Your goal: Images are not part of the copy; transcribe all the data exactly.

Recorded information:
####################

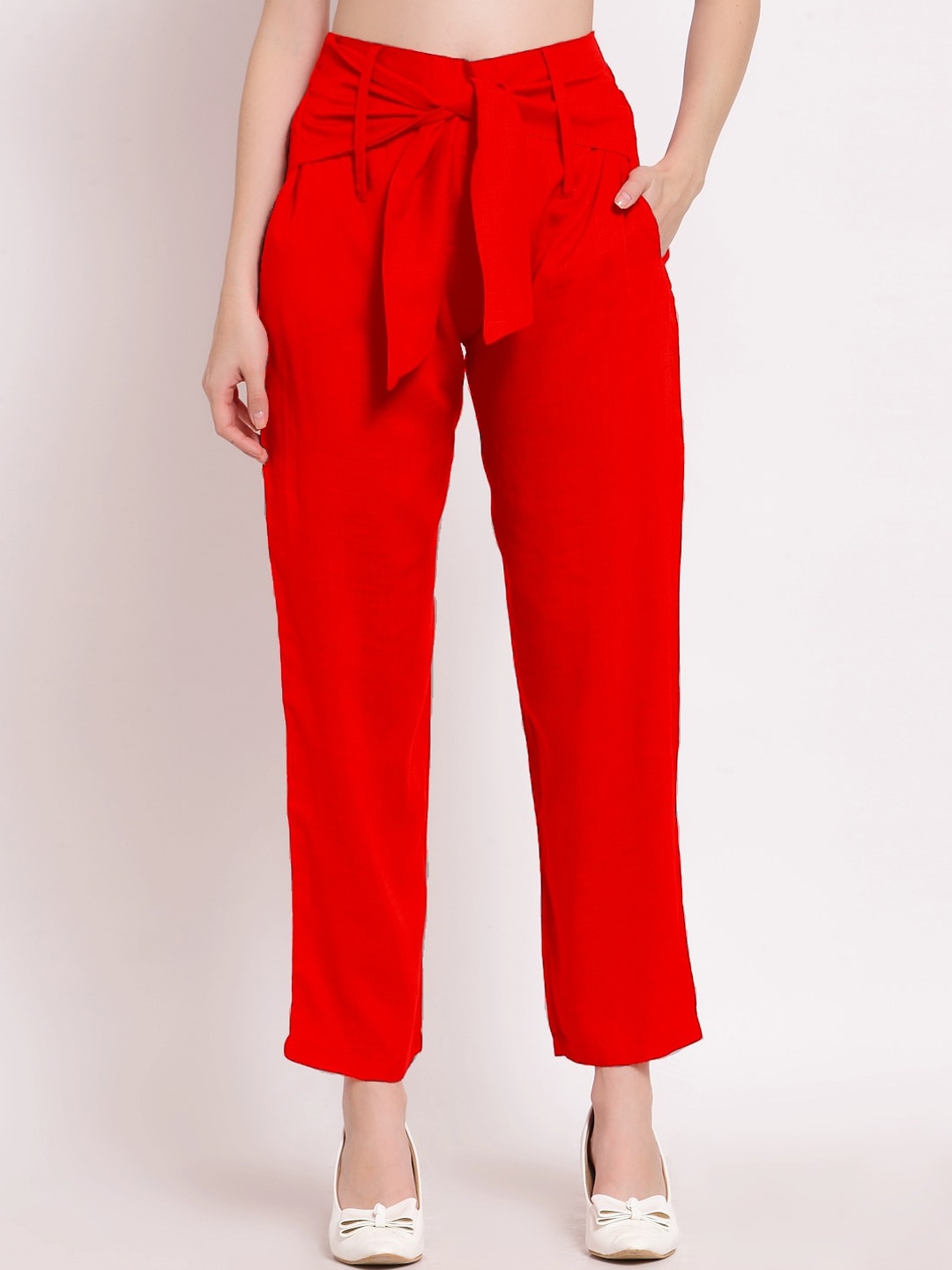 

PATRORNA Women Smart Mid-Rise Pleated Trousers, Red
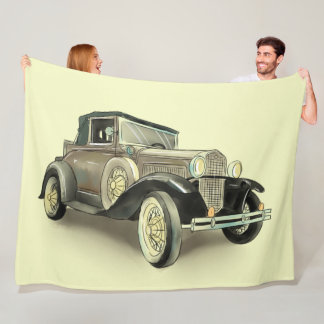 Vintage Car Fleece Blanket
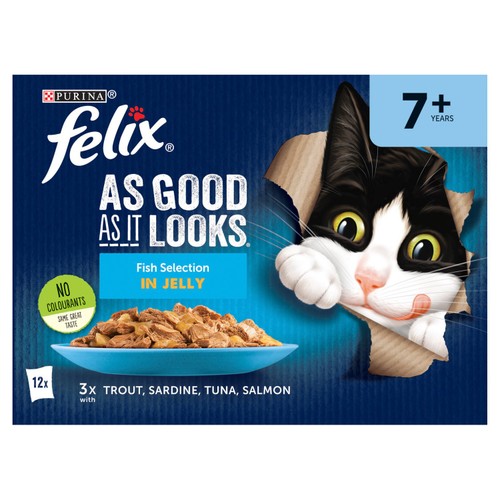 Felix As Good As it Looks Senior 7+ Fish in Jelly Wet Cat Food thumbnail 2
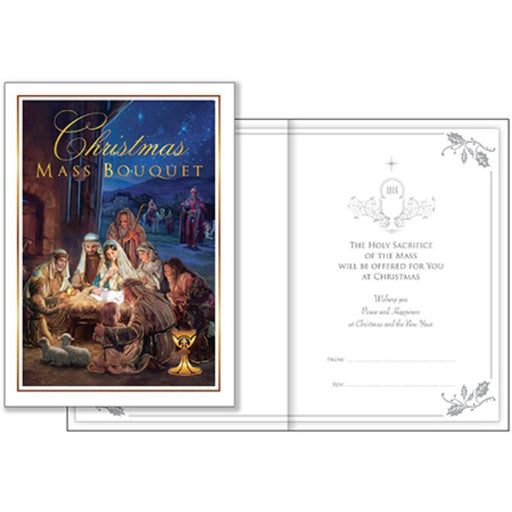 Catholic Mass Cards, Christmas Mass Bouquet Greetings Card, Nativity Scene Design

####################

Task solution:
PATRORNA Women Smart Mid-Rise Pleated Trousers, Red
 Vintage Car Fleece Blanket
 Felix As Good As it Looks Senior 7+ Fish in Jelly Wet Cat Food thumbnail 2
 Catholic Mass Cards, Christmas Mass Bouquet Greetings Card, Nativity Scene Design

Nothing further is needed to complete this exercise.